Given that I only plan on scanning a few books, I think this design will work well with a little modification, and will let me use my single DSLR. I plan on building it in such a way that the clear book rack pivots on a bearing and acts a little like a rocking chair. Rotating it to one side will line up one page, and a quick ~45 degree rotation will bring the opposite page into frame.
I'll likely use a pair of mini fluorescent lights with a diffuser for the lighting, and I'll build the entire rack so the height can be adjusted, allowing smaller books to be moved closer to the camera.
I'm still messing around with the software end of it. It will largely depend on if I end up with the nook e-reader, or the Sony Touch Edition. Each handles various formats slightly different, and the Sony doesn't render color pages in black and white quite as effectively as the nook.
Anybody built or used a book scanner and able to offer any advice? Critiques and suggestions are always welcome.
Registered Member #56
Joined: Thu Feb 09 2006, 05:02AM
Location: Southern Califorina, USA
Posts: 2445
I have been working on scanning my electronics textbook at school, although it ended up being a little easier for me since our school was too cheap to order the book with a binding, I just dropped it into an ancient color scanner I found at school and a few days later had 15gb of image files.
Likewise, we have been focused on the image processing more, trying to get all 1000 pages to fit in a reasonably sized file, and taking care of the junk that comes from the scanning process. We had really good results using a book that we had a digital version of, using the djvu format we managed to compress the 1600 page book into a 75MB file (down from about 40GB of PNG files!) at 600DPI. You could see the compression in some of the images, but they are still perfectly legible.

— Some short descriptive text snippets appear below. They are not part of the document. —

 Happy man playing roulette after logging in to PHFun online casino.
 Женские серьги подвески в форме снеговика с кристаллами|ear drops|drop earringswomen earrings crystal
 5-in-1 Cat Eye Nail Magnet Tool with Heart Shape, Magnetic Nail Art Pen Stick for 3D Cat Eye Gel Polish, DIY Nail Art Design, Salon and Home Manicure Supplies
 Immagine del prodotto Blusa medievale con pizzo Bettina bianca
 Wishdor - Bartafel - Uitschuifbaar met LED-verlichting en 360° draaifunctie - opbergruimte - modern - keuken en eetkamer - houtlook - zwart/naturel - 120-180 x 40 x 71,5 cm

What I have learned is that the better the original image you can get the easier the process will be, the book we manually scanned was done on a fairly ancient scanner that doesn't give the greatest scans which has been a major headache now that we are trying to compress the images.
Registered Member #16
Joined: Thu Feb 02 2006, 02:22PM
Location: New Wilmington, PA
Posts: 554
I'll be using a 12MP Olympus DSLR, though I'll probably knock the resolution back slightly to get more images on the card, especially considering the very low resolution of Ebook reader screens (I think the very highest are about 1024x800) That should help keep file sizes down, though full color will ensure its probably still at least 150MB for the first textbook I plan on scanning.

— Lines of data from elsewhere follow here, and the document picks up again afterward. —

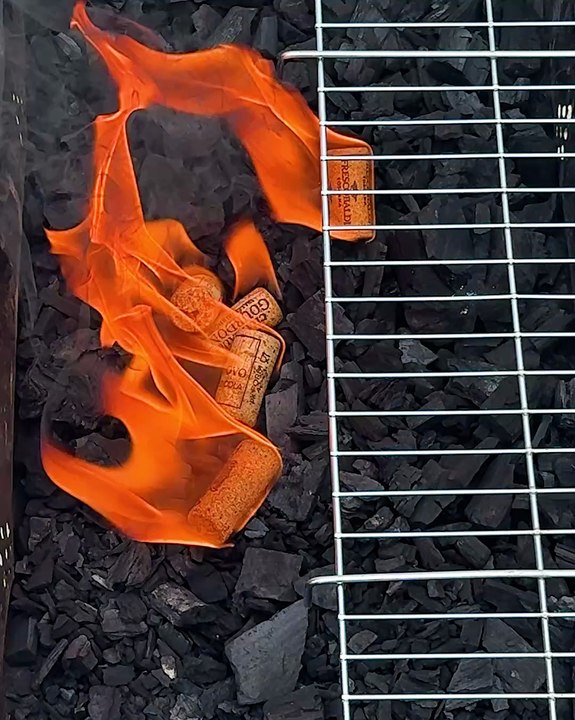 Corks to the rescue for a quick BBQ! 🍖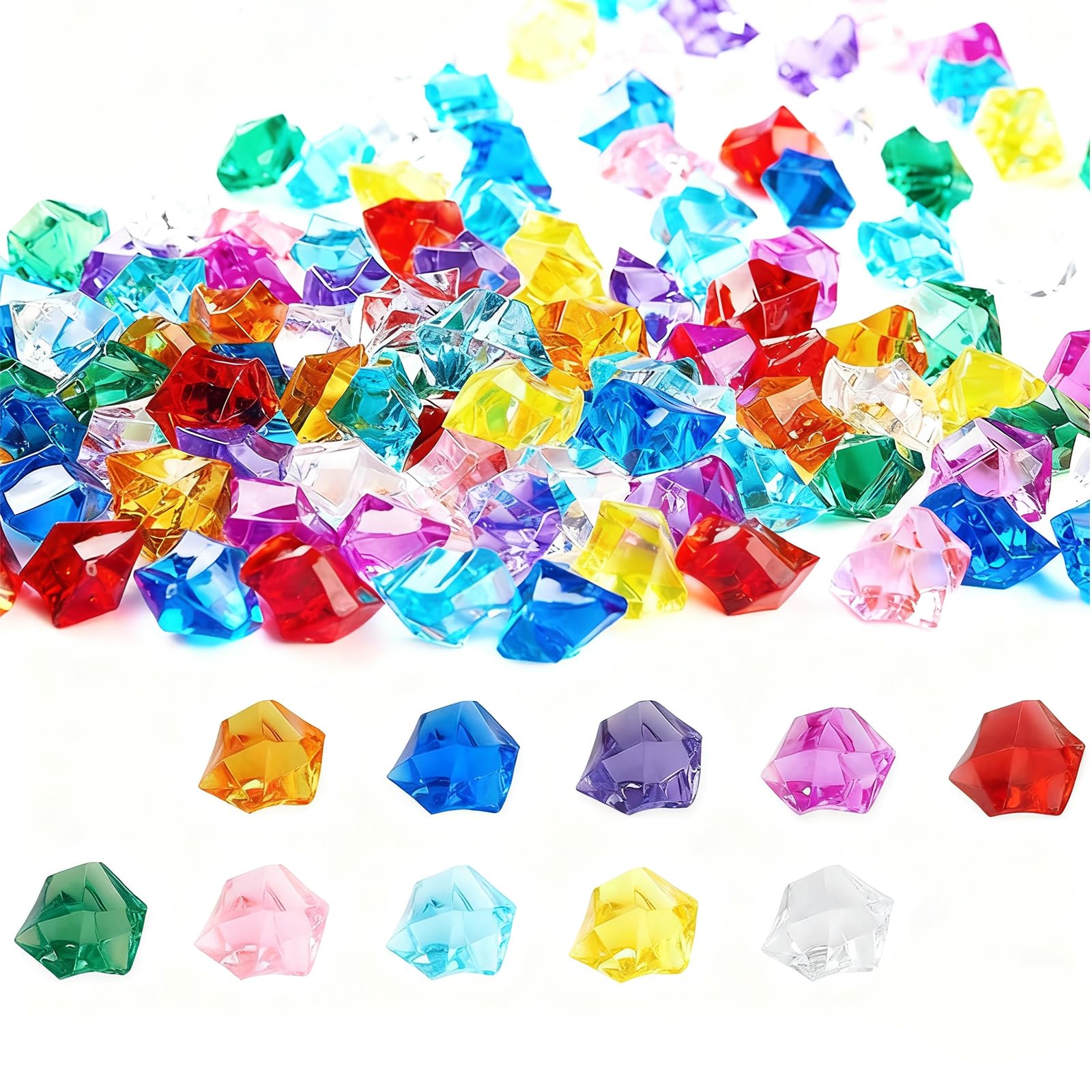 VIEVRE Edelstenen voor kinderen, 100 stuks diamanten decoratie, glazen stenen decoratie, decoratieve diamanten, edelstenen, kleurrijke acryl kristallen stenen voor bruiloften, tafeldecoraties VIEVRE Edelstenen voor kinderen, 100 stuks diamanten decoratie, glazen stenen decoratie, decoratieve diamanten, edelstenen, kleurrijke acryl kristallen stenen voor bruiloften, tafeldecoraties
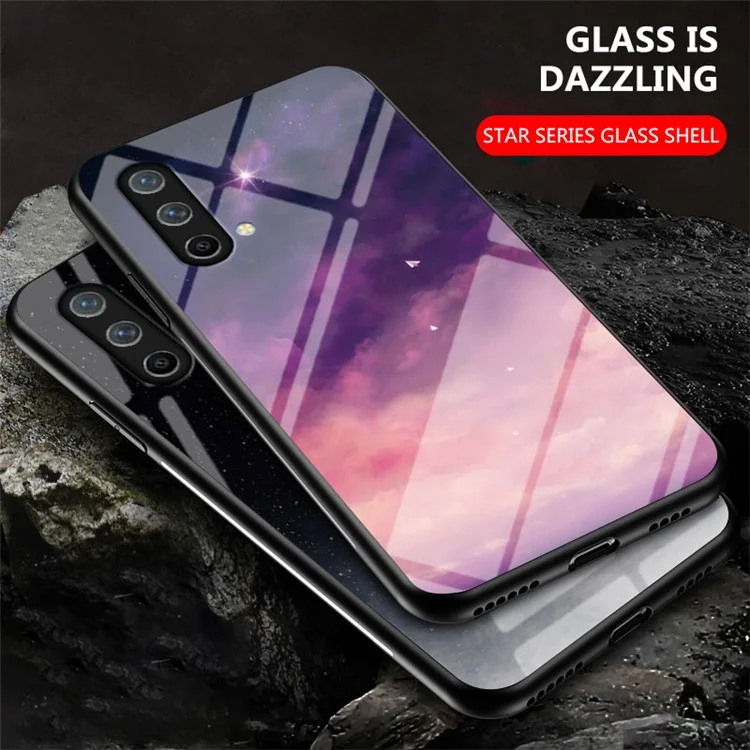 Starry Sky Pattern Well-Protected Tempered Glass Phone Hybrid Case Cover for OnePlus Nord CE 5G - Black Starry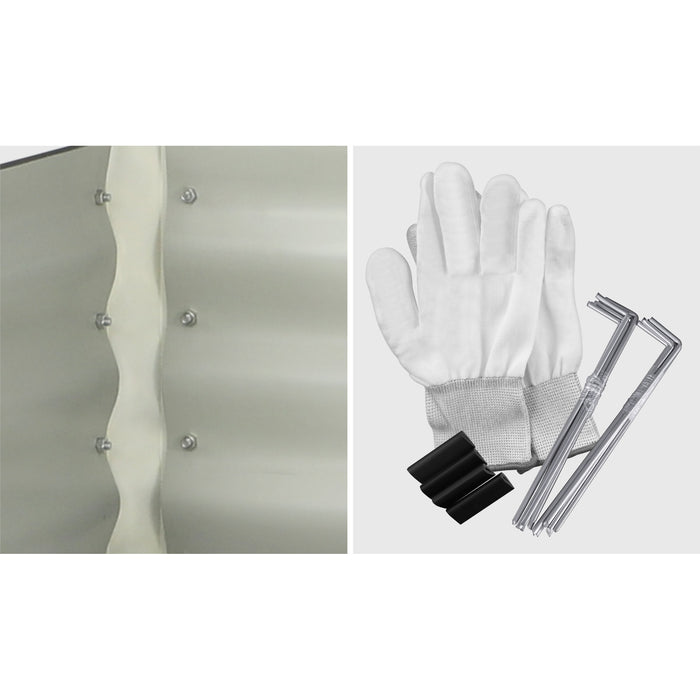 X2 Garden Bed Kits Raised Vegetable Planter Galvanised Steel 240X80X73Cm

The camera captures in JPEG and RAW. The RAW files are *much* larger, and they're a little slower to work with in large numbers as far as actual rendering time goes, but I think they might be slightly less effort to tinker with, as its easy to just tell CS3 to treat every image exactly the same and then ignore it for a couple hours.
I'm not familiar with the djvu file format, and I don't think either of my prospective readers support it. Whats the background on it? Have you tinkered with EPUB or any of those?
Registered Member #56
Joined: Thu Feb 09 2006, 05:02AM
Location: Southern Califorina, USA
Posts: 2445
DjVu is a free (and while the encoder is not open source, there are viewers that are) compression system that works 5-10 times better than jpeg compression for most things, and is supposed to be able to render the images faster than a normal image viewer. It works by splitting the image into a background/foreground, and only actually compressing the useful information on the page, along with a bunch of other trickery.
I know the iphone supports it, but I don't think that an android reader has been released for it (as would be required for the nook), and amazon probably will never support it, so in that sense it probably won't help you much.